Listed entries:
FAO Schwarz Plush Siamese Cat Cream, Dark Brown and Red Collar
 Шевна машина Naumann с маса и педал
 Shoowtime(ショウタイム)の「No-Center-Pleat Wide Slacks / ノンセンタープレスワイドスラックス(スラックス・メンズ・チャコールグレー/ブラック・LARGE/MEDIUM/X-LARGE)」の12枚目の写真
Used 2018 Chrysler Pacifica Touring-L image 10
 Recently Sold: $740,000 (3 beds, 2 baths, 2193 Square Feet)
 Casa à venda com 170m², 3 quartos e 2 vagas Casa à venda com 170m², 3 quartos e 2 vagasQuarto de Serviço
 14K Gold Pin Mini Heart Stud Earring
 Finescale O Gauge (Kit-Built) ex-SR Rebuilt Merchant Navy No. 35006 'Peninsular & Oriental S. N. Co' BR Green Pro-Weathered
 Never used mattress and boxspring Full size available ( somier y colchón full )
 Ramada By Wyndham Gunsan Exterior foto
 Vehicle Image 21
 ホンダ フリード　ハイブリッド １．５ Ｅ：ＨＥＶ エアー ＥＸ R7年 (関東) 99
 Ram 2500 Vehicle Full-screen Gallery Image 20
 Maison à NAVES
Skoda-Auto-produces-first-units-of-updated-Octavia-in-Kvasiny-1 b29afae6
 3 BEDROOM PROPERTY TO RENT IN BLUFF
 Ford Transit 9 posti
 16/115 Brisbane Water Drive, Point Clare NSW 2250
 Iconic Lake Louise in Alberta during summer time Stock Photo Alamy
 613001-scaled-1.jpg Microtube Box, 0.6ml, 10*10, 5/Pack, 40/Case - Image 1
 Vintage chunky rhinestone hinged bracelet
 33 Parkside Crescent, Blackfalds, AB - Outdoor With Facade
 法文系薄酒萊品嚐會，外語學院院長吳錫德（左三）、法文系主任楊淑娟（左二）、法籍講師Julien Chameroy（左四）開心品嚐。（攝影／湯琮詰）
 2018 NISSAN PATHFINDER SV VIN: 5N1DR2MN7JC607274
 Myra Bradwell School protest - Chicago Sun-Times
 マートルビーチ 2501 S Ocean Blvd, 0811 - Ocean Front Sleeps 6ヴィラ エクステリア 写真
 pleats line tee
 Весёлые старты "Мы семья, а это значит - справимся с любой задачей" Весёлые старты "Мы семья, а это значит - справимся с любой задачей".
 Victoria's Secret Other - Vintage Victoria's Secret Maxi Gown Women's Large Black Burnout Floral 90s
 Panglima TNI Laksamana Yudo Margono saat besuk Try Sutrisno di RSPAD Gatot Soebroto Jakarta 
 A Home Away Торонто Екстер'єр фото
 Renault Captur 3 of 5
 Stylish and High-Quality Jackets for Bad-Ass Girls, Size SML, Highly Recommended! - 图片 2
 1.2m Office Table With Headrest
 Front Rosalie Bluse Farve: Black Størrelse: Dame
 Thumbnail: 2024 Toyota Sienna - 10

Work to be completed:
Everything above from the line containing "Shoowtime(ショウタイム)の「No-Center-Pleat Wide Slacks" through the line containing "Recently Sold: $740,000" must be copied exactly. Nothing outside that range belongs in the answer.

Solution to the exercise:
 Shoowtime(ショウタイム)の「No-Center-Pleat Wide Slacks / ノンセンタープレスワイドスラックス(スラックス・メンズ・チャコールグレー/ブラック・LARGE/MEDIUM/X-LARGE)」の12枚目の写真
Used 2018 Chrysler Pacifica Touring-L image 10
 Recently Sold: $740,000 (3 beds, 2 baths, 2193 Square Feet)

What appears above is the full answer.